On 12/18/17 1:27 PM, Artur Mrozowski wrote:
> Yes, sounds like it. We run into problems at exactly same spot using BEAM
> as well, although in that case it resulted in data loss.
> 
> Thank you Matthias. Doesn't sound like it's going to be resolved any time
> soon, does it?
> 
> /Artur
> 
> On Mon, Dec 18, 2017 at 8:11 PM, Matthias J. Sax <matth...@confluent.io>
> wrote:
> 
>> I think you are hitting: https://issues.apache.org/jira/browse/KAFKA-4609
>>
>>
>> -Matthias
>>
>> On 12/18/17 1:52 AM, Artur Mrozowski wrote:
>>> Hi Bill,
>>>
>>>  I am actually referring to duplicates as completely identical records. I
>>> can observe it when I convert result of left join between KTables to
>>> stream. The resulting stream will often contain identical messages.
>>> For example we have
>>>
>>> KTable<String,ArrayList> left
>>> {"claimcounter": 0, "claimreporttime": 55948.33110985625, "claimnumber":
>>> "3_0", "claimtime": 708.521153490306}
>>>
>>> and KTable <String,ArrayList> right
>>>
>>> {"claimcounter": 0, "paytime": 55960.226718985265, "claimnumber": "3_0",
>>> "payment": 847015.1437781961}
>>>
>>> When I leftjoin theses two objects the result in the state store will be
>> an
>>> object containing two  ArrayLists left and right, like this
>>>
>>> {"claimList":{"lst":[{"claimnumber":"3_0","claimtime"
>> :"708.521153490306","claimreporttime":"55948.33110985625","claimcounter":"
>> 0"}]},"paymentList":{"lst":[{"payment":847015.1437781961,"
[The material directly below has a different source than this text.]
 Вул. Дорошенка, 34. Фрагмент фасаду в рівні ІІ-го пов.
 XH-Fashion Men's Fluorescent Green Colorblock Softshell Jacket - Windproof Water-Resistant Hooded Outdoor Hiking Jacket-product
>> paytime":55960.226718985265,"claimcounter":0,"claimnumber":"3_0"}]}}
>>>
>>> But I want to continue processing the results by using groupBy and
>>> aggregate so I convert reuslt of the leftjoin to stream. Now the
>> resulting
>>> reparation and changelog topics,most of the time, will contain two
>>> identical messages, like this
>>>
>>> {"claimList":{"lst":[{"claimnumber":"3_0","claimtime"
>> :"708.521153490306","claimreporttime":"55948.33110985625","claimcounter":"
>> 0"}]},"paymentList":{"lst":[{"payment":847015.1437781961,"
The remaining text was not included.